CPS statement: PC Fletcher and PC Crabtree


No further action in case against officers

Damion Lloyd, Senior Crown Prosecutor from CPS Mersey-Cheshire, said: "A file of evidence was presented to us from Greater Manchester Police following a traffic collision in Trafford Park, Manchester, involving two serving police officers.

"I have reviewed all of the evidence in this case and have referred to Sec. 87 of the Road Traffic Act 1998 which relates to the use of vehicles for police purposes.

"The officers were conducting a road test of a high specification VW Golf under the accepted practices of Greater Manchester Police (GMP) at that time. These tests would reasonably include the requirement to drive a car at speeds which would be expected in the course of duty. Both officers were trained and experienced advanced drivers.

"Given the fact that the officers were conducting a road test for police purposes under accepted GMP conditions and that their driving did not fall below the reasonable standards expected of them, I have concluded that there is insufficient evidence to provide a realistic prospect of conviction against PC Crabtree and that the public interest is not met by the prosecution of PC Fletcher. This is because he was the only victim, suffered very serious, life changing injuries and is the subject of an internal police investigation.  As a result neither officer will be charged with any offence."


Notes to editors:

The Code for Crown Prosecutors is a public document, issued by the Director of Public Prosecutions that sets out the general principles Crown Prosecutors should follow when they make decisions on cases.

Is there enough evidence against the defendant?

When deciding whether there is enough evidence to charge, Crown Prosecutors must consider whether evidence can be used in court and is reliable. Crown Prosecutors must be satisfied there is enough evidence to provide a "realistic prospect of conviction" against each defendant.

Is it in the public interest for the CPS to bring the case to court?

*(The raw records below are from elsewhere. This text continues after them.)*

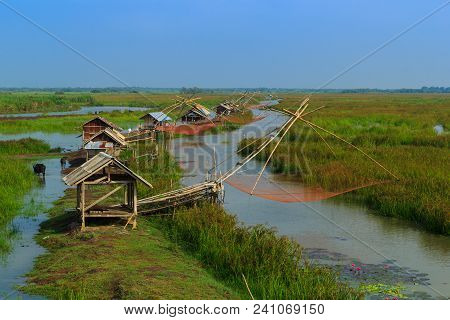 Lift Nets To Catch Fish.  The Tool Used To Catch Fish At Khuan Khanun District  Phatthalung Province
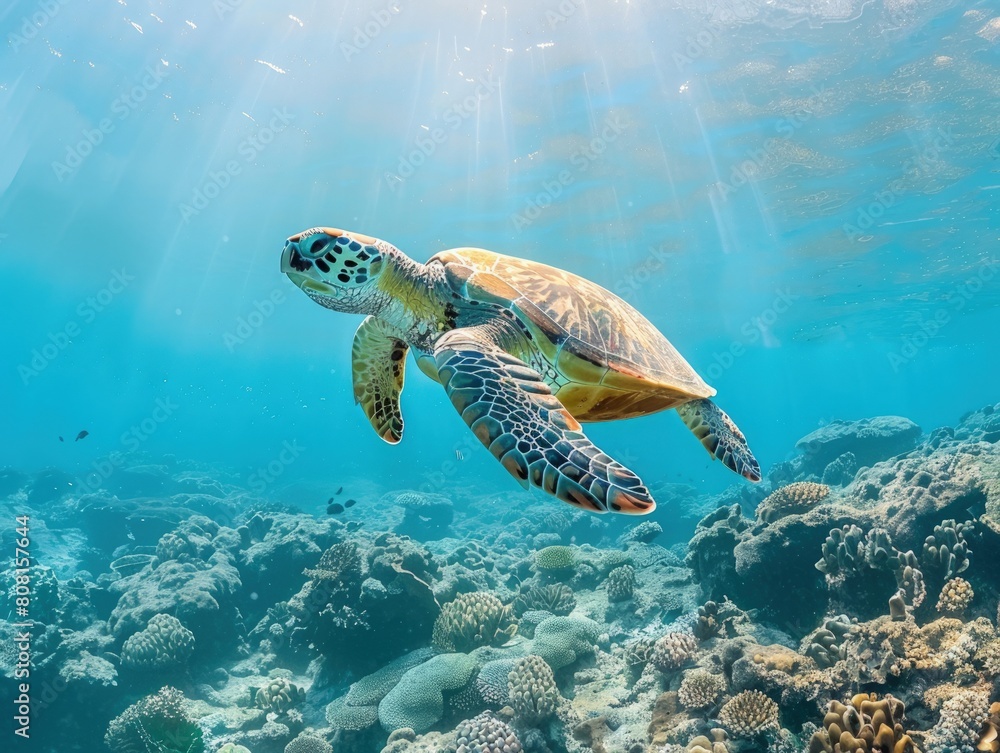 Fototapeta premium Sea turtle swimming in clear blue water, marine life.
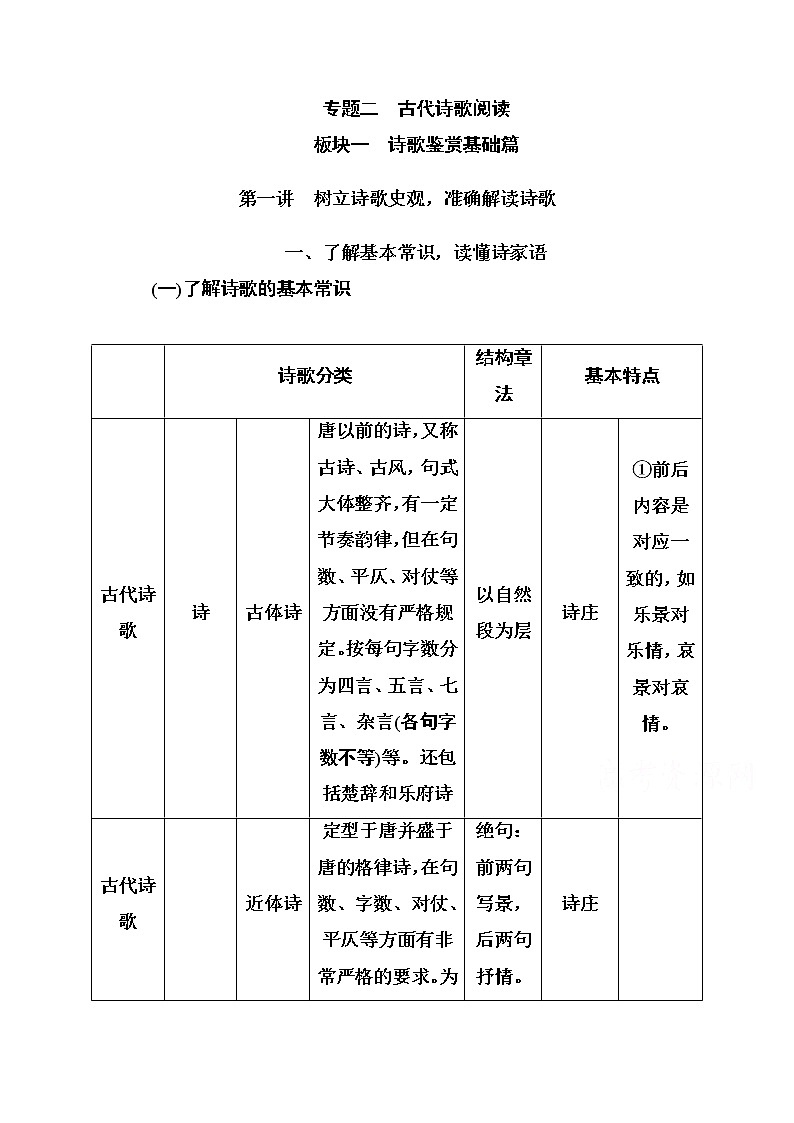 2021届高考语文一轮（统考版）教师用书：第二部分专题二第一讲　树立诗歌史观准确解读诗歌01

A prosecution will usually take place unless the prosecutor is sure that the public interest factors tending against prosecution outweigh those tending in favour.


Some common public interest factors tending against prosecution. A prosecution is less likely to be required if:

  • the court is likely to impose a nominal penalty;
  • the seriousness and the consequences of the offending can be appropriately dealt with by an out-of-court disposal which the suspect accepts and with which he or she complies ;
  • the suspect has been subject to any appropriate regulatory proceedings, or any punitive or relevant civil penalty which remains in place or which has been satisfactorily discharged, which adequately addresses the seriousness of the offending and any breach of trust involved;
  • the offence was committed as a result of a genuine mistake or misunderstanding;
    the loss or harm can be described as minor and was the result of a single incident, particularly if it was caused by a misjudgment;
  • a prosecution is likely to have an adverse effect on the victim's physical or mental health, always bearing in mind the seriousness of the offence and the views of the victim about the effect of a prosecution on his or her physical or mental health.